Well as I said, the new record was all recorded in one small area. I think it just came out of my time spent at home over the course of several months, dwelling on memories and ideas.

What about listening? Is there a method or environment that works best?

I try lots of different atmospheres and places. Over several weeks, or months, or a couple of years in the case of A Young Person’s Guide…, I’ll just wander around with a song and see how it feels in certain places. Now I live in New York City and it’s really weird to listen to something quiet. I tend to go to weird spots to listen to it, to get a better sense of where I was going with something. But for this record, the best place for me to go to re-cap and re-listen is on this really weird street on which I live.

Have there been tracks that have only clicked into place for you once you’ve heard them in a certain environment?

Absolutely. But that’s just me.

Do you intend to take this album live?

Yeah. I actually played in a church space close to where I live last week, and played one of the pieces on there. It was just fantastic – I don’t think I’ve played such a nice, vast space before that is so complimentary to my sound. Playing in there made me wish that I’d recorded the pieces in there – it’d just give them more life and energy.

So is that something you’ll look in the future?

I’d love to. It’s been my dream. I’ve been listening to church music, choral music and classical music recorded in churches to try and figure out a way to record and engineer one of my records in a nice church space.

Have church and choral music been major influences on your reverb-heavy sound?

Yeah. I think it comes out quite fully on Ways of Meaning. I started really getting into it when I was 13/14. I went to a Catholic school when I was really young, and a lot of time was spent in church – some of that church music still haunts me in very mixed ways.

And you started writing music in school, is that right?

In Junior High School I started writing music on a home piano I had, but it wasn’t until High School that I actually began recording it and taking it more seriously.

And how did it sound in comparison to your music now?

Different, hopefully. But I’ve been thinking about it and I don’t think I’ve changed that much since then, which is kind of sad and strange at the same time. I’d like to think that I’ve advanced more in terms of sound – I’ve been thinking about sound and space more, and I think that the two are so important with my music. I’m constantly trying to integrate the two to work together. Space has especially become more of a factor. I’ve tried to pay closer attention to it.

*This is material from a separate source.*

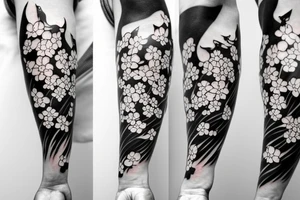 japanese style forearm tattoo with cherry  blossoms and a black cat for a man tattoo idea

How has this greater interaction with space materialized on the new record?

It’s weird, because I’ve got the confines of a relatively small space when I’m recording, and through the computer and technology I’m trying to make a space that’s there, but still interesting to listen to. But I’m leaning towards acoustic space and I want to start recording in more open large spaces.

Do you currently have the technically expertise to decipher how that would work best for your music?

I’ve always wanted to record a really good outdoor or church recording – it’s just a matter of having the proper tools and engineering skills. I feel more comfortable recording in my head and my space, so I think that once I take it out to one of these spaces it might lose an essence of some kind.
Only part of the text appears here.